On January 1, 1915, the Roebling Wire and Cable plant in Trenton, New Jersey was blown up. On January 28, an American merchant ship carrying wheat to Britain was sunk.

On February 2, 1915, Lt. Werner Horn was captured following the Vanceboro international bridge bombing.

In 1915, Bernstorff also helped organize what became known as the Great Phenol Plot, an attempt to divert phenol from the production of high explosives in the United States (which would end up being sold to the British), and at the same time prop up several German-owned chemical companies that made aspirin and its precursor salicylic acid.

In July 1916, the Black Tom explosion was the most spectacular of the sabotage operations.

Bernsdorff was a victim of the British Secret Service when they obtained and distributed to the press a photograph of him "in a swimming costume with his arms around two similarly dressed women, neither of whom was his wife". (MI6, The History of the Secret Intelligence Service 1909 - 1949, Keith Jeffery, Bloomsbury, 2010 p 113).

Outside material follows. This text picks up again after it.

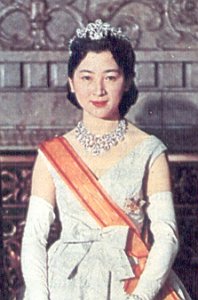 youngempressmichikoofjapan-tiara.jpg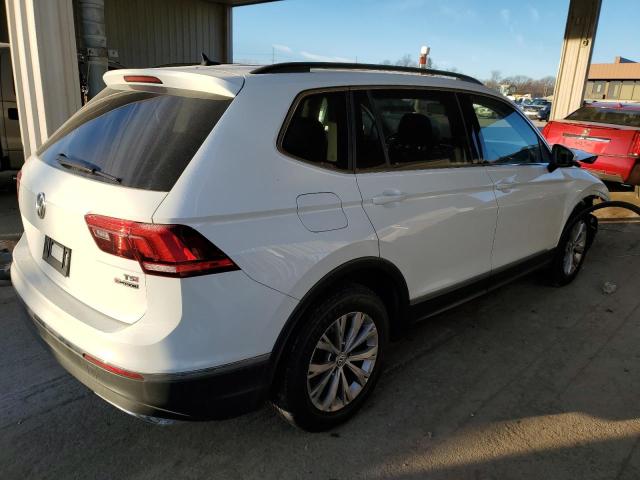 3VV2B7AX5JM010465  volkswagen tiguan 2017 IMG 2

Bernstorff was returned home on February 3, 1917, when Woodrow Wilson severed diplomatic relations with Germany. Upon receiving the news, Colonel Edward House wrote to him,

"The day will come when people in Germany will see how much you have done for your country in America."

Weimar Republic

Bernstorff in 1930 at Geneva

Bernstorff was proposed as Foreign minister in Friedrich Ebert's Cabinet in 1919, but he refused this post and left diplomatic service.[4] He became a founding member of the German Democratic Party (Deutsche Demokratische Partei) and a member of the German Parliament in 1921-28. He was the first President of the German Association for the League of Nations, President of the World Federation of Associations of the League of Nations[3] and member of every German delegation to the League of Nations.[5]

In 1926 he became the Chairman of Kurt Blumenfeld's Zionist German Pro-Palestine Committee (Deutsches Pro-Palästina Komitee) to support the foundation of a Jewish State in Palestine[6] From 1926 to 1931 he was the Chairman of the German delegation to the Preparatory World Disarmament Conference.[3]

Bernstorff, who was explicitly mentioned by Hitler as one of those men bearing "the guilt and responsibility for the collapse of Germany",[7] left Germany in 1933 after the Nazis took over power and moved to Geneva, Switzerland, where he died on October 6, 1939.

Publications

  • "My three years in America" (NY: Scribner's, 1920)
  • "Memoirs of Count Bernstorff" (NY: Random House, 1936).

Notes

  1. ^ Regarding personal names: Graf is a title, translated as Count, not a first or middle name. The female form is Gräfin.